Tap Drill Size Calculator
Find correct tap drill size for metric (M2-M30) and imperial (to 1-8 UNC/UNF) threads.
Returns drill diameter in mm and inches at 75% thread engagement.
Selecting the correct tap drill size is essential for creating strong, clean internal threads. The drill must be smaller than the tap to leave material for the threads, but not so small that the tap binds or breaks.
Metric Thread Formula
Tap Drill Diameter = Major Diameter − Pitch
This gives approximately 75% thread engagement, which is the standard recommendation.
For a specific thread percentage:
Tap Drill = Major Diameter − (Pitch × Thread% / 76.98)
Where Thread% is the desired percentage of full thread engagement (typically 60–80%).

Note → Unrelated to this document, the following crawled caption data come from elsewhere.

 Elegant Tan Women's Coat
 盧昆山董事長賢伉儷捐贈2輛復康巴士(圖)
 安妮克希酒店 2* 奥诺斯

Imperial (Unified) Thread Formula
Tap Drill = Major Diameter − (1 / TPI)
Where TPI = threads per inch.
Thread Engagement Reference
| Thread % | Strength | Tap Breakage Risk | Recommended For |
|---|---|---|---|
| 50% | 90% of full | Very low | Aluminum, soft metals |
| 60% | 94% of full | Low | General purpose |
| 75% | 98% of full | Moderate | Standard (default) |
| 83% | 99% of full | High | Steel, critical applications |
| 100% | 100% | Very high | Not recommended |
Key Insight: Going from 75% to 100% thread engagement only gains 2% more strength but dramatically increases tap breakage risk and required torque.
Worked Example — M10×1.5
Major diameter: 10 mm. Pitch: 1.5 mm. Target: 75% thread.

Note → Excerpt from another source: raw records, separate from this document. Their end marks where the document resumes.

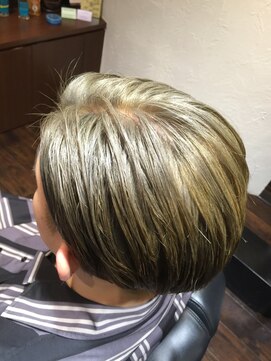 バーバーショップ オールドニュー(BAR BER SHOP OldNew) ツーブロ!メローグレージュ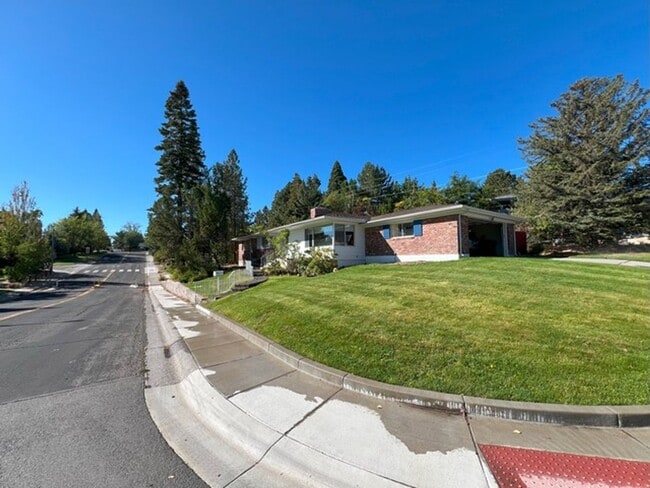 Building Photo - Old West Reno Four Bedroom Home with Ya...
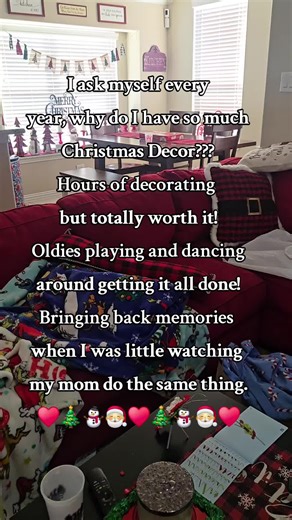 Christmas decorations! Let's get it done! #christmas #memories #oldiescountry #blessed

- Tap drill = 10 − (1.5 × 75 / 76.98) = 10 − 1.462 = 8.54 mm
- Nearest standard drill: 8.5 mm
Common Metric Tap Drill Chart
| Thread | Pitch | 75% Drill | Nearest Std |
|---|---|---|---|
| M3 | 0.5 | 2.51 mm | 2.5 mm |
| M4 | 0.7 | 3.32 mm | 3.3 mm |
| M5 | 0.8 | 4.22 mm | 4.2 mm |
| M6 | 1.0 | 5.03 mm | 5.0 mm |
| M8 | 1.25 | 6.78 mm | 6.8 mm |
| M10 | 1.5 | 8.54 mm | 8.5 mm |
| M12 | 1.75 | 10.29 mm | 10.2 mm |
| M16 | 2.0 | 14.05 mm | 14.0 mm |
| M20 | 2.5 | 17.56 mm | 17.5 mm |
Tips
- Use cutting oil to reduce tap breakage
- Start with a center drill to prevent wandering
- For blind holes, drill at least 1.5× the tap diameter deeper than needed thread depth
- Back the tap out frequently (every 1–2 turns) to clear chips
How we build and check this calculator
This calculator runs entirely in your browser, so the numbers you enter stay on your device. The math behind it is written by hand and tested against worked examples and standard references before the page goes live.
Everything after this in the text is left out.